Work item =
Once you reach the line with "El d�o c�mico", transcribe it and every line after it to the end of the records, exactly, but not the pictures.

= = =

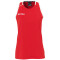 Kempa Player Tanktop Basketballtrikot Damen rot/weiß L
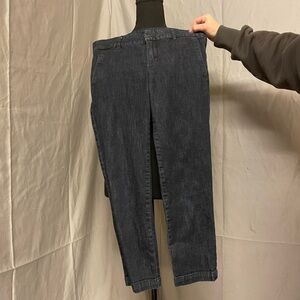 Kut from the Kloth Dark Gray Ankle Jeans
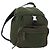 PRADA Backpack Nylon Green Silver Auth ti3636 Silvery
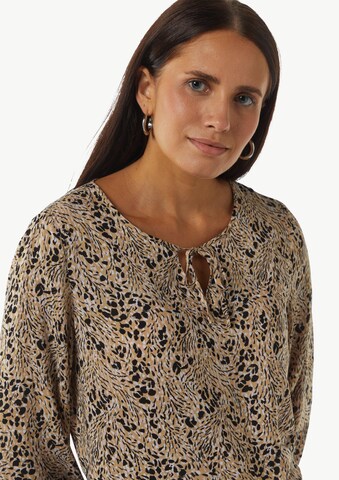 comma casual identity Bluse in Grau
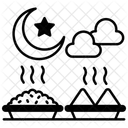 Nourriture iftar  Icon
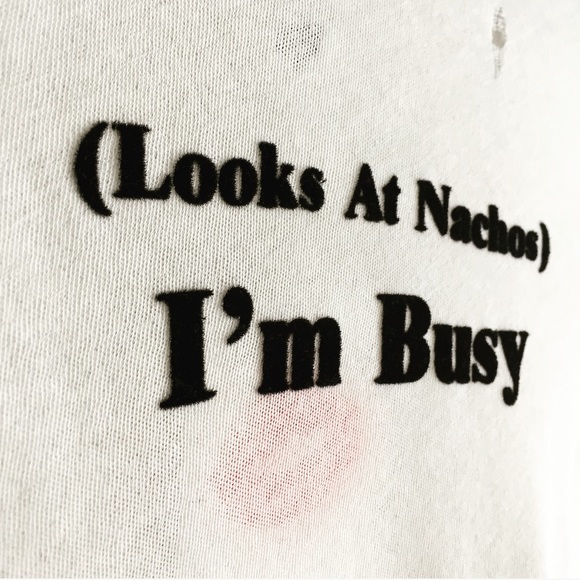 New Wildfox Priority Distressed Tee - Picture 6 of 7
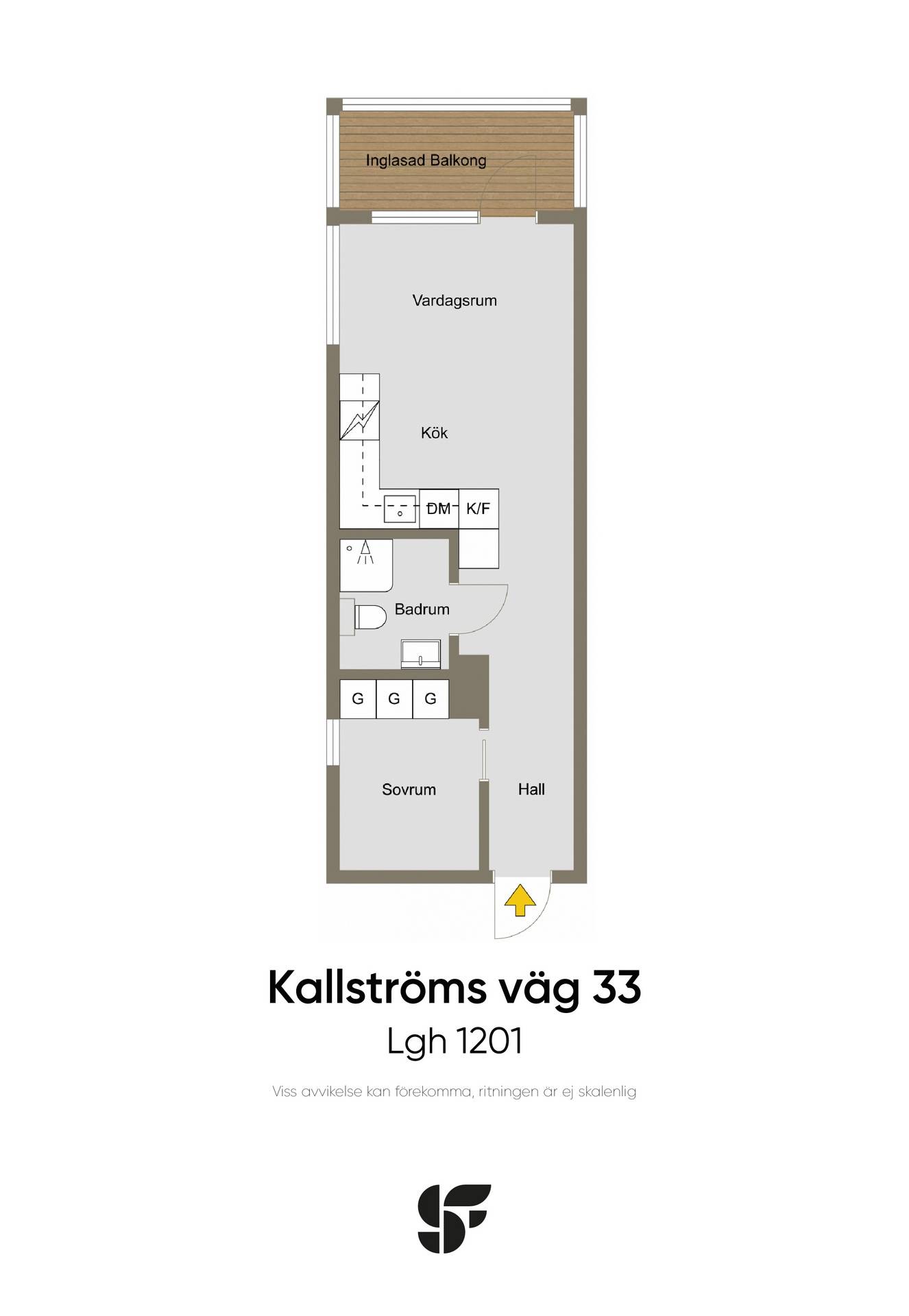 2 rum Lägenhet på Kallströmsväg 33 lgh B1201 Åre Åre kommun - bild 16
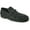 Black, variant on bravo! Men Dress Shoe PROM-2 Loafer Modern Metallic Glitter for Wedding Prom Black and Silver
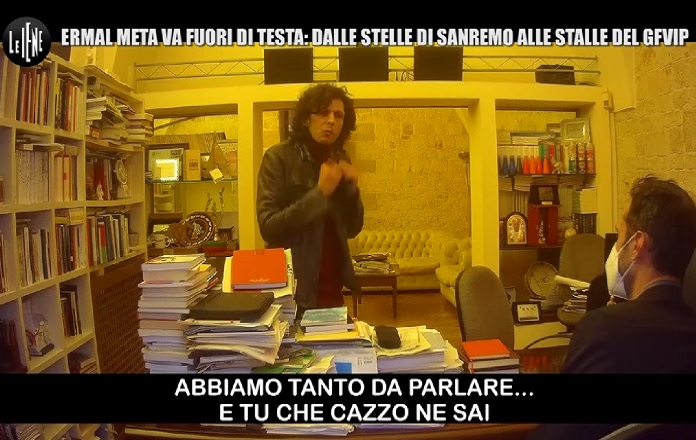le iene scherzo Le Iene scherzo Ermal Meta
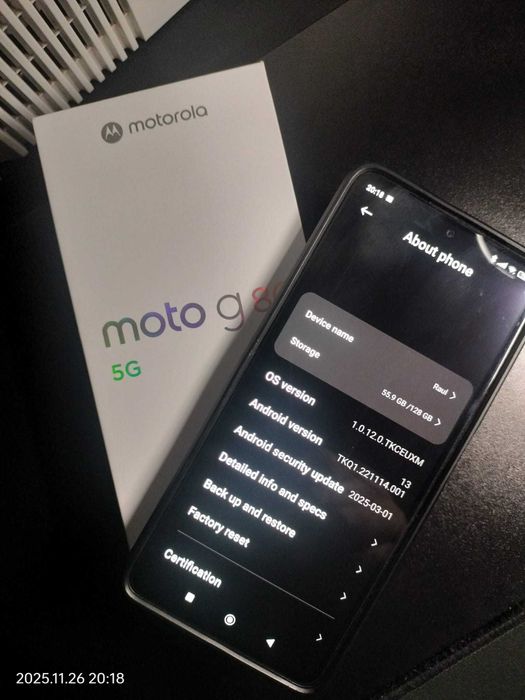 Telefon XIAOMI Note 11 Pro. 5G, Impecabil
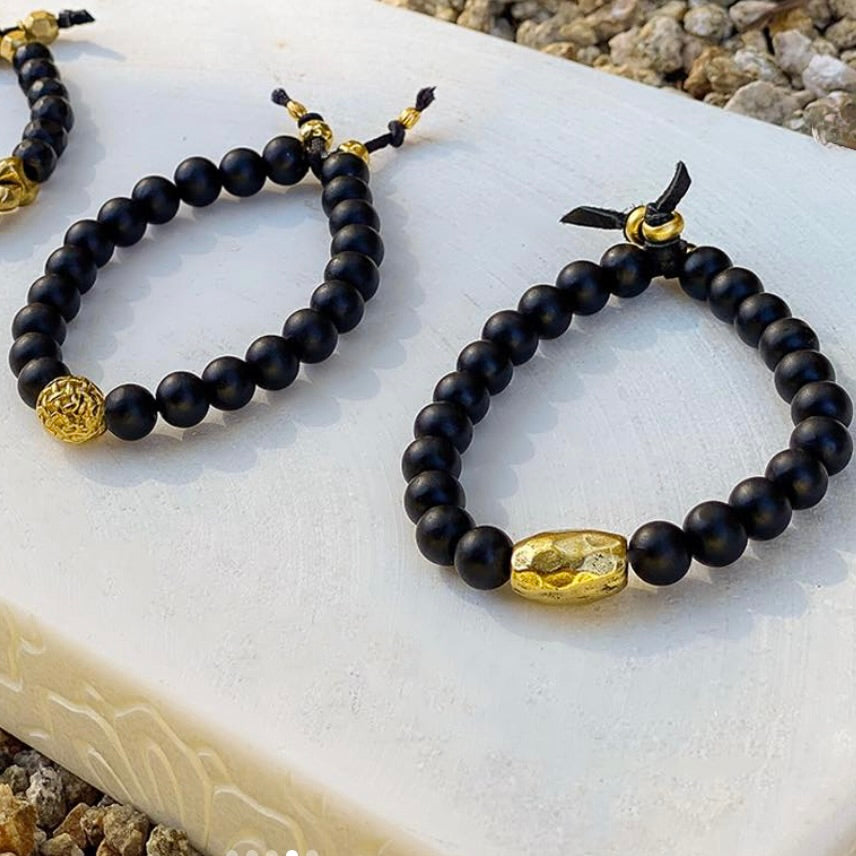 nyc trio set bracelet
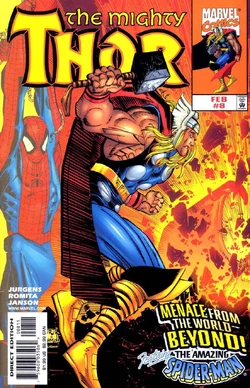 Thor Vol 2 (1998–2004) | Marvel Database | Fandom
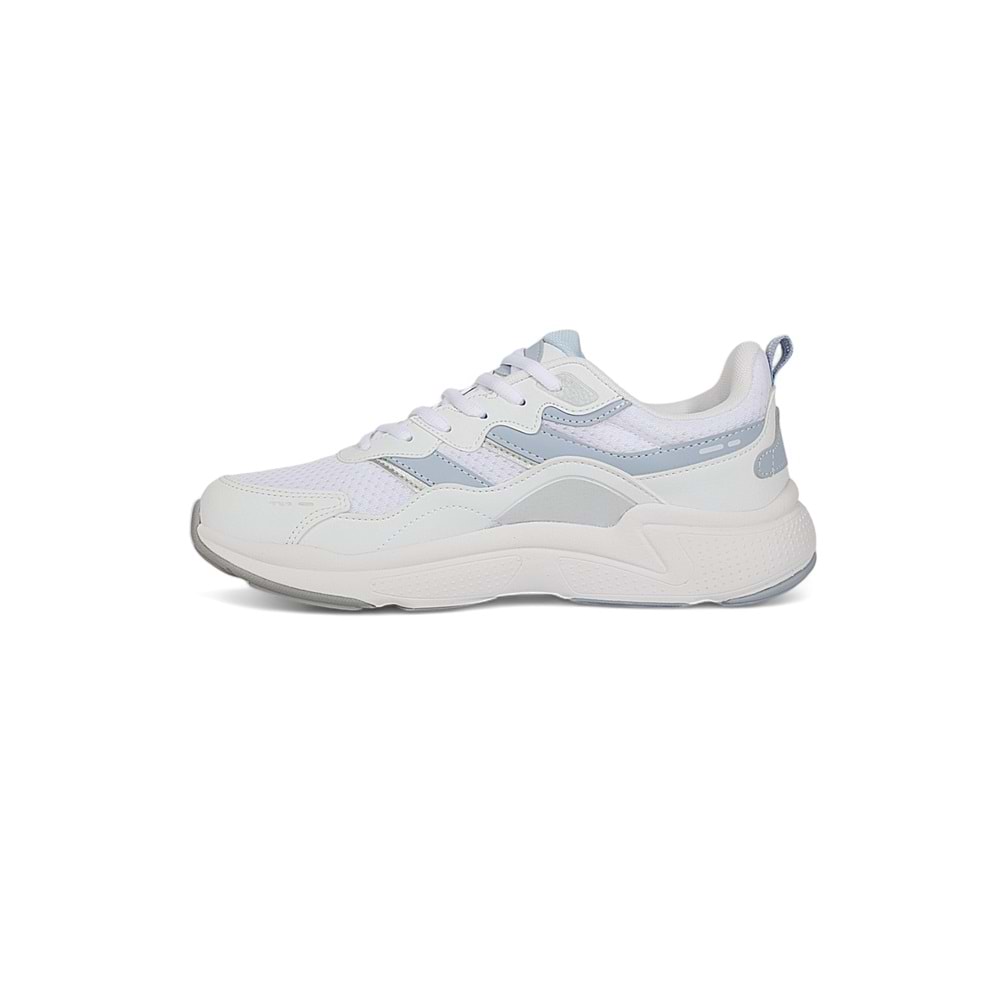 Kinetix 1981-Tıona Anatomik Tabanlı Erkek Günlük Sneakers Ayakkabı - NKT01981-beyaz mavi-39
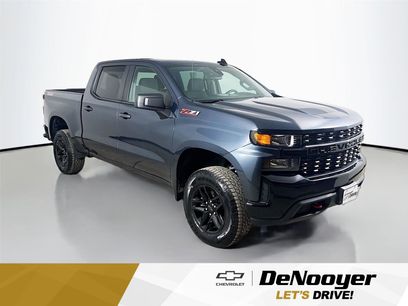 Used 2021 Chevrolet Silverado 1500 Custom Trail Boss w/ Safety Confidence Package
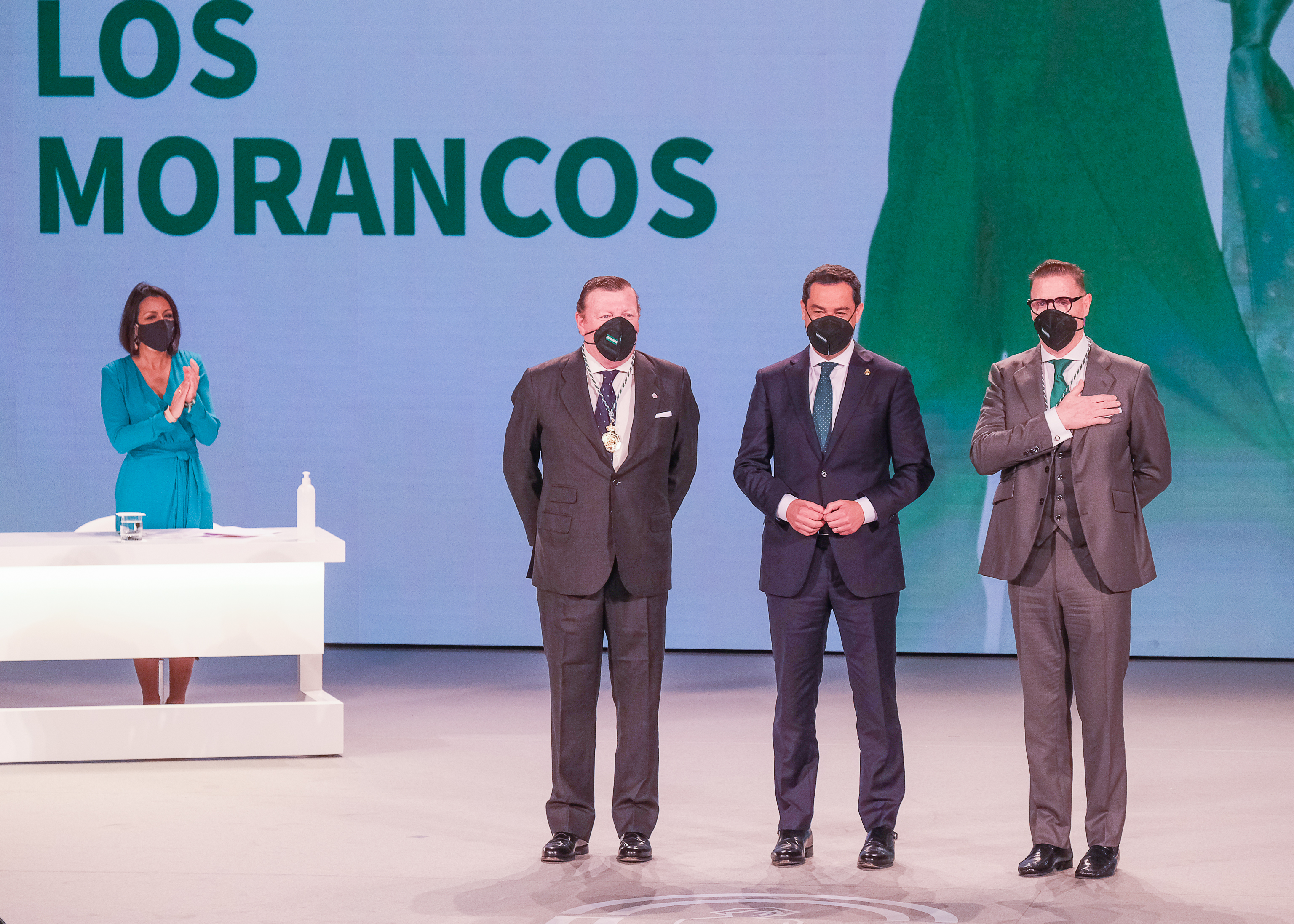  El d�o c�mico Los Morancos, Medalla de Andaluc�a de las Artes  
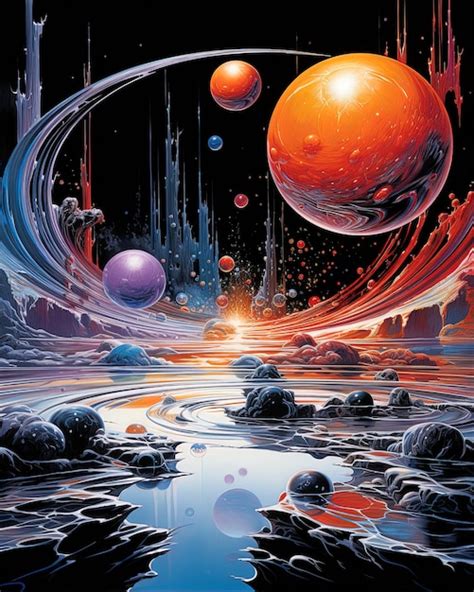 97000 Realistic Space Art Pictures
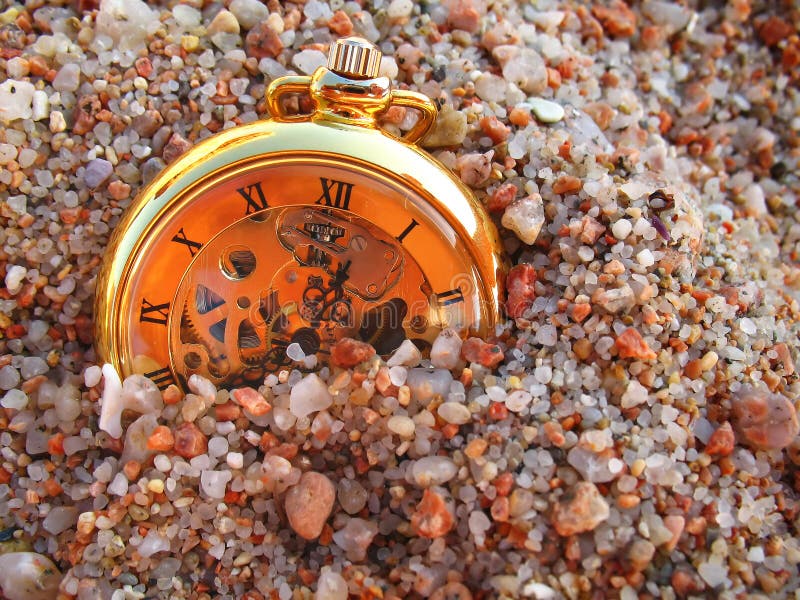 Sand and clock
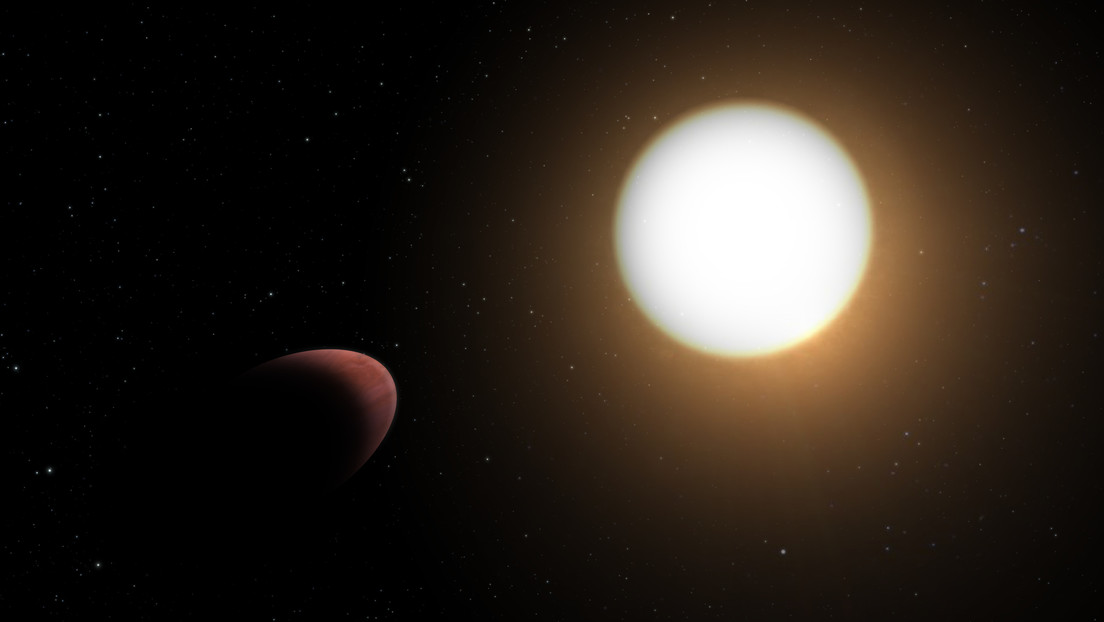 Por primera vez: Astrónomos detectan un planeta con forma ovalada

= = =

Solution =
  El d�o c�mico Los Morancos, Medalla de Andaluc�a de las Artes  
 97000 Realistic Space Art Pictures
 Sand and clock
 Por primera vez: Astrónomos detectan un planeta con forma ovalada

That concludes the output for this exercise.